What to work on: Beginning with the line that holds "Kerry Katona Looks" and ending with the last line below, please copy every line exactly, add nothing, and leave out the pictures.

Data excerpt:
-----
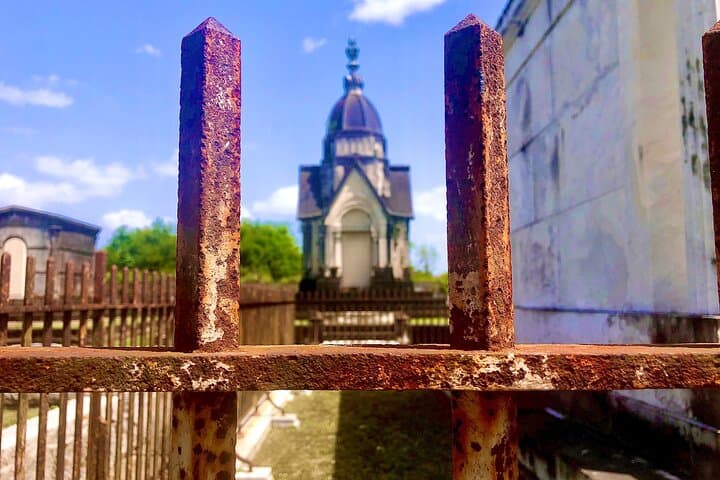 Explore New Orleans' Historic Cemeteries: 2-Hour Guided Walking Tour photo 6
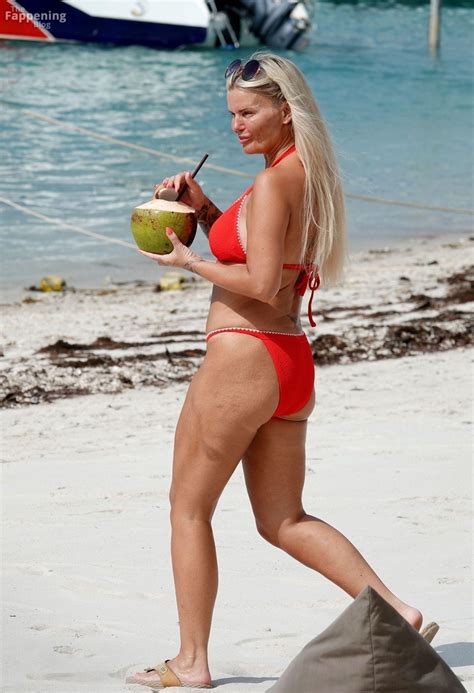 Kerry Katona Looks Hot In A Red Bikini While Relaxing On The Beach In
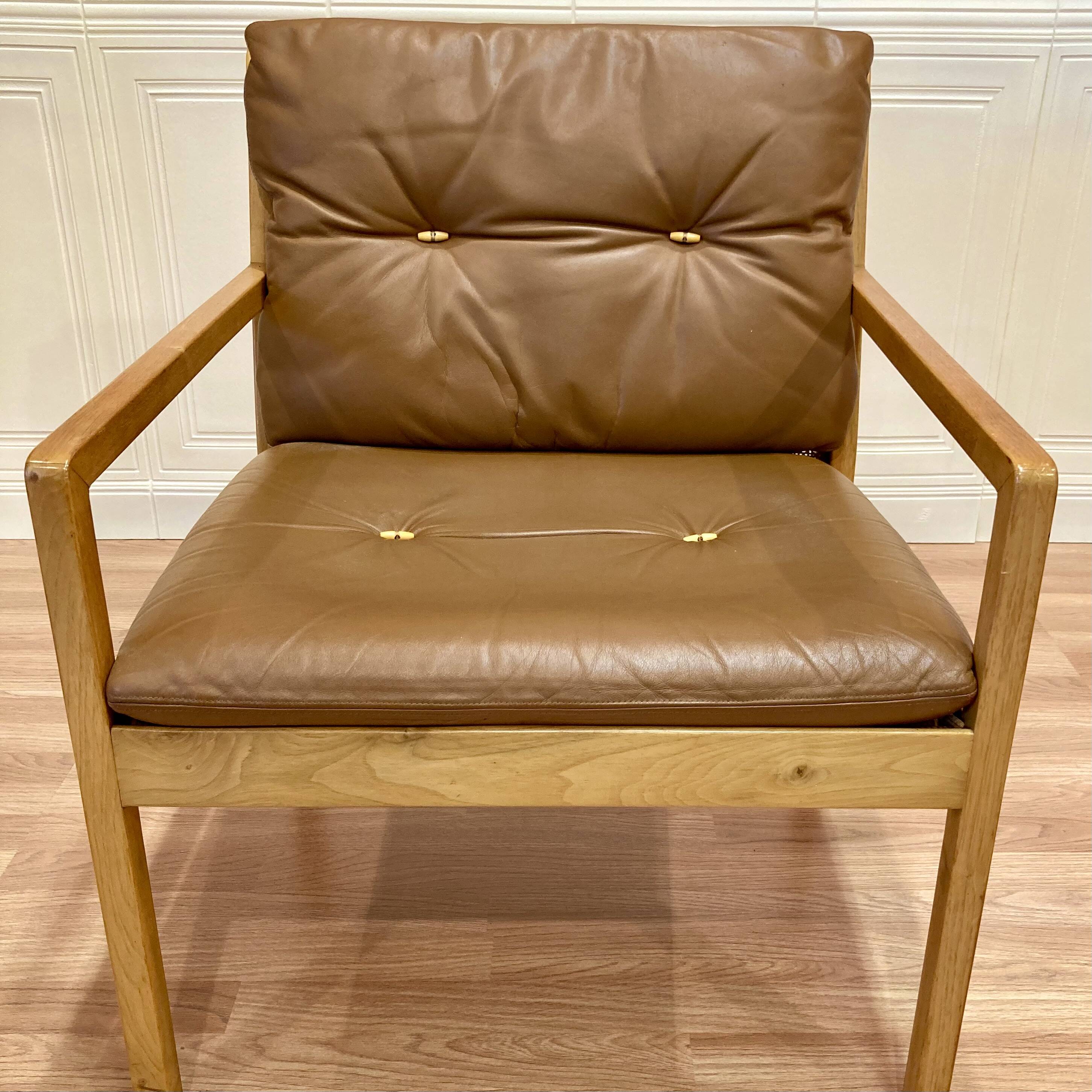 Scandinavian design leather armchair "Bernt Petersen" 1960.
-----
Reply:
 Kerry Katona Looks Hot In A Red Bikini While Relaxing On The Beach In
 Scandinavian design leather armchair "Bernt Petersen" 1960.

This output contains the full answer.